It won't win any awards for presentation, but this Python-driven automation solution gets you your cup of joe in the morning regardless.

Pseudonymous maker "petertree" has built a coffee maker — "2x more expensive and messy than one you can get on Amazon," he notes — powered by a smart plug, a peristaltic pump, and a Raspberry Pi.

"Excuse the messy setup," Peter writes of the project. "I used an INTLLAB pump, L298N driver, basic servo, and a TP-Link Kasa smart plug for this. The [Raspberry] Pi turns on the kettle via a servo arm, it then turns on the grinder via a Wi-Fi plug. And last it pumps water from the kettle into the grounds. All I have to do is walk over and flip the Aeropress that's now full into a cup and press down and I get coffee."

The project is, perhaps, not the most aesthetically pleasing — having been finished around four in the morning. "[I] still need to clean up wires," Peter notes. "I made a ground bin out of cardboard and a torn Ziploc bag.
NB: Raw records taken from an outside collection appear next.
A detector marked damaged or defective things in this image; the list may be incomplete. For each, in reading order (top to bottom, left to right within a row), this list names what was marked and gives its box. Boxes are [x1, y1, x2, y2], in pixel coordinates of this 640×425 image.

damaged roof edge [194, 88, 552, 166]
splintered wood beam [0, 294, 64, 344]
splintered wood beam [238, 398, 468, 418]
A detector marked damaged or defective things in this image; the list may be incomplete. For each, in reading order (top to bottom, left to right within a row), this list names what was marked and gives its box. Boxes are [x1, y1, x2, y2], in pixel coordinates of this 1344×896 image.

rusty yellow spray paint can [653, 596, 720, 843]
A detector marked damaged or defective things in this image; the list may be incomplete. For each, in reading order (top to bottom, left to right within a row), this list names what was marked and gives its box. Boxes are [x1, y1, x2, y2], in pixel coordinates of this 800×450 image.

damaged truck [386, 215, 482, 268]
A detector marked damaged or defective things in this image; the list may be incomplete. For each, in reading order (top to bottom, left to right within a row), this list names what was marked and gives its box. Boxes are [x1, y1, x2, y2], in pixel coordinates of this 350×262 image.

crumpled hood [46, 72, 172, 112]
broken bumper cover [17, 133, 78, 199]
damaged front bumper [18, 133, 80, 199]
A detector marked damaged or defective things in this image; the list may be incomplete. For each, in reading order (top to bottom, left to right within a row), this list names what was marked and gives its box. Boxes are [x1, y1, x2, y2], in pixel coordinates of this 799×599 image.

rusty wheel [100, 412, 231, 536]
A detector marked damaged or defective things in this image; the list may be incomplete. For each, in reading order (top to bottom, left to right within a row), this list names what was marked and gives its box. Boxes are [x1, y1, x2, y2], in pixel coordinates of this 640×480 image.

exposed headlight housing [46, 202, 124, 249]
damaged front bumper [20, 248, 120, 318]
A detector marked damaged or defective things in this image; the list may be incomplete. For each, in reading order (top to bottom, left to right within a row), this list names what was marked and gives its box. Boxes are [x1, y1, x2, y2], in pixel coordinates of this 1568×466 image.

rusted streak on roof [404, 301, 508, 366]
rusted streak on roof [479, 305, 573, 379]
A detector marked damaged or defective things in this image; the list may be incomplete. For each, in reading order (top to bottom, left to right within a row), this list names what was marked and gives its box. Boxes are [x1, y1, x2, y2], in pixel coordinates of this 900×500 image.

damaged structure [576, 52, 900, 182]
Note the copious tape holding the servo to the kettle."

This Raspberry Pi-powered coffee maker does the job - just about! (📹: petertree)

It's definitely functional, however, with a few caveats about relying on the kettle's own cut-off mechanism if the servo gets stuck and issues with keeping the Aeropress in its compressed state for longer than recommended. "It turns on the kettle," Peter explains of the order of operation, "heats the water, turns on the grinder, the grounds fall into the Aeropress, it then pumps 200g water (@5.24ml/s) and all I have to do is press down the Aeropress. I pre-weighed 11g coffee."

Peter has not shared a schematic or source code but has confirmed the use of a Python library to control the TP-Link Kasa smart plug from the Raspberry Pi, with more information available on the project's Reddit thread.